L’âme, travaillée sinon par le doute, du moins par les questions auxquelles elle ne peut trouver de réponse, exprime ainsi son désir de s’adresser à l’intellect pour trouver satisfaction.
L’âme questionne
Le kabbaliste et philosophe italien, Rabbi Moché ‘Haïm Luzzato (1707 – 1746) que l’on désigne communément par l’acronyme de Ram’hal, fait dialoguer, d’une façon presque ludique, deux entités allégoriques : l’âme (נשמה/nechama) et l’intellect (שכל/sekhel).
Ce dialogue occupe seize chapitres des Voies de la Direction divine ( דעת תבונות/Da’ate Tevounote, abrégé désormais DT), un essai de pensée juive publié en 1740 à Amsterdam.
L’âme interroge l’intellect sur les Treize principes de foi de Maïmonide (Commentaire sur la Michna, Traité Sanhédrin,10:1).
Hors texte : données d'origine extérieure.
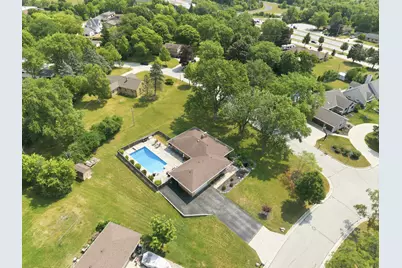 10400 W Pallottine Dr, Greenfield, WI 53228 - Photo 2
En treize articles, l’auteur du Guide des Égarés rassemble les points de doctrine essentiels du judaïsme. Cette formulation synthétique et dogmatique, inhabituelle dans le foisonnant corpus de la tradition juive, a finalement été acceptée de manière unanime.
L’intellect, sollicité, essaye de donner à l’âme des réponses sur des points qu’elle n’arrive pas à appréhender. Les Treize principes de foi de Maïmonide sont abordés les uns après les autres.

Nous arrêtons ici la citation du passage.